* Task material
────────────────

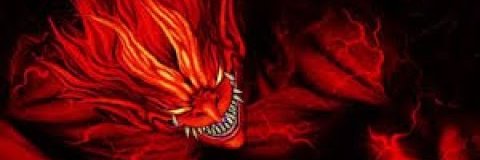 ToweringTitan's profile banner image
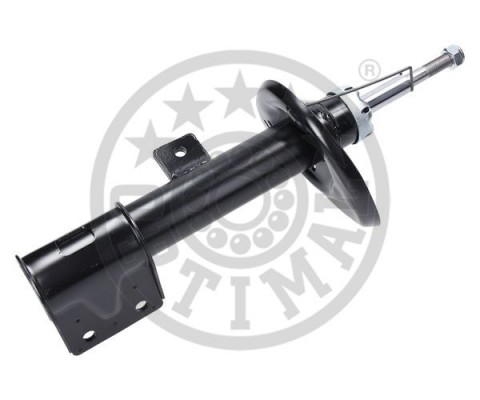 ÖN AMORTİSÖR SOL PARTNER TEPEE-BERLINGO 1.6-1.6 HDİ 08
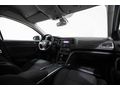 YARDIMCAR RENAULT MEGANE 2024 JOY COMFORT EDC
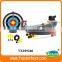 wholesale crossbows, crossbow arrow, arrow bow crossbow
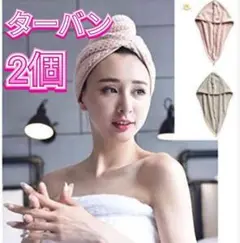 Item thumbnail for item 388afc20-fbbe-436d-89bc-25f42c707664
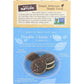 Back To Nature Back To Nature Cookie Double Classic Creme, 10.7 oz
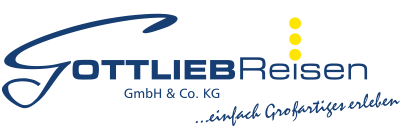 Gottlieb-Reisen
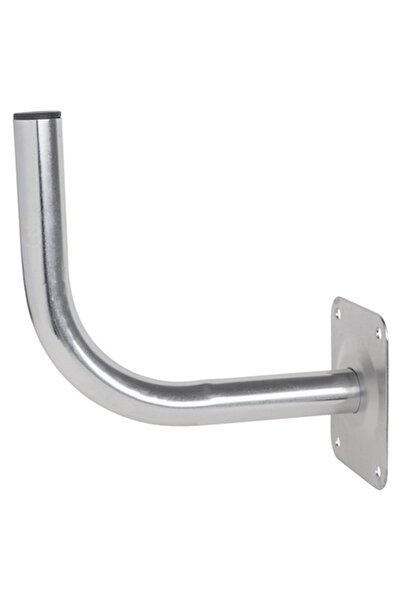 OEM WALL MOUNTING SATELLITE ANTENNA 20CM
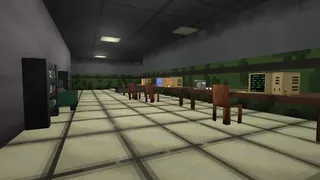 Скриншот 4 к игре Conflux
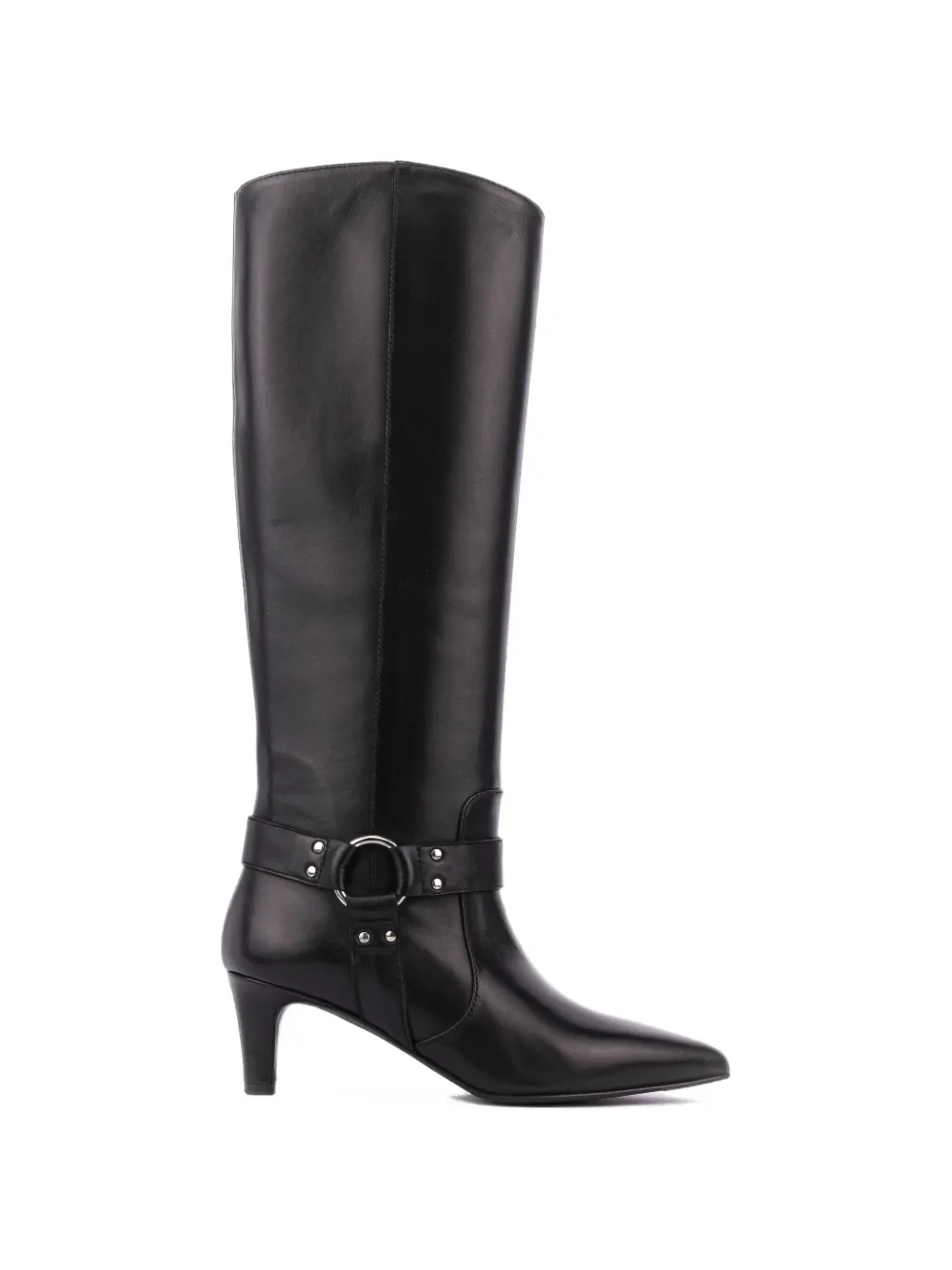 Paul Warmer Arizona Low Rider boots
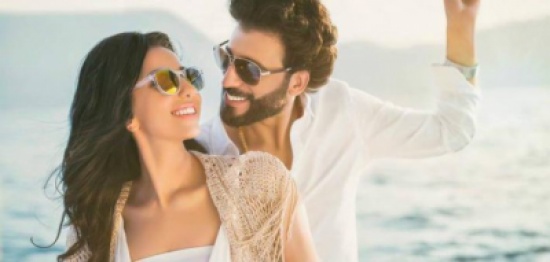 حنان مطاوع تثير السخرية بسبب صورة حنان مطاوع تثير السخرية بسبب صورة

────────────────

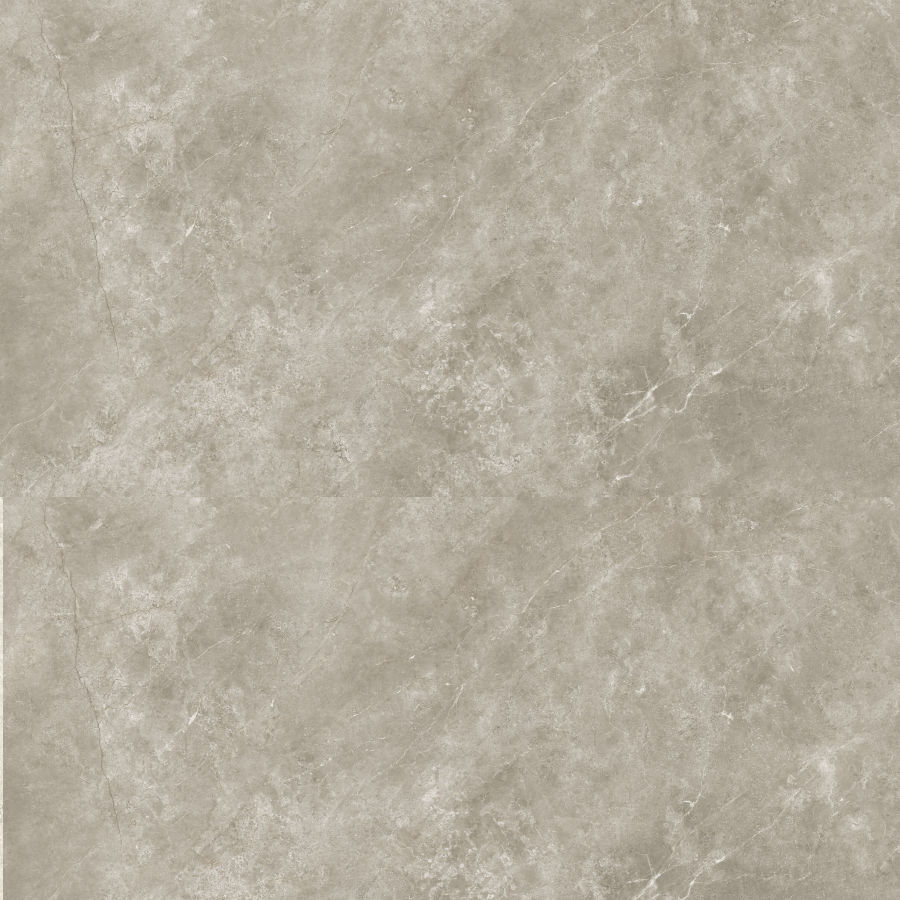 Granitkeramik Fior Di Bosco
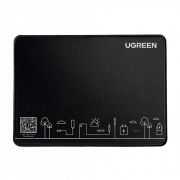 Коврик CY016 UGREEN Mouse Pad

────────────────

* Requirement
In the entries above, find the line with "Item thumbnail for" and the line with "Скриншот 4 к игре Conflux". Write out exactly those two lines and every line between them, pictures excluded.

* Reply
 Item thumbnail for item 388afc20-fbbe-436d-89bc-25f42c707664
 Back To Nature Back To Nature Cookie Double Classic Creme, 10.7 oz
 Gottlieb-Reisen
 OEM WALL MOUNTING SATELLITE ANTENNA 20CM
 Скриншот 4 к игре Conflux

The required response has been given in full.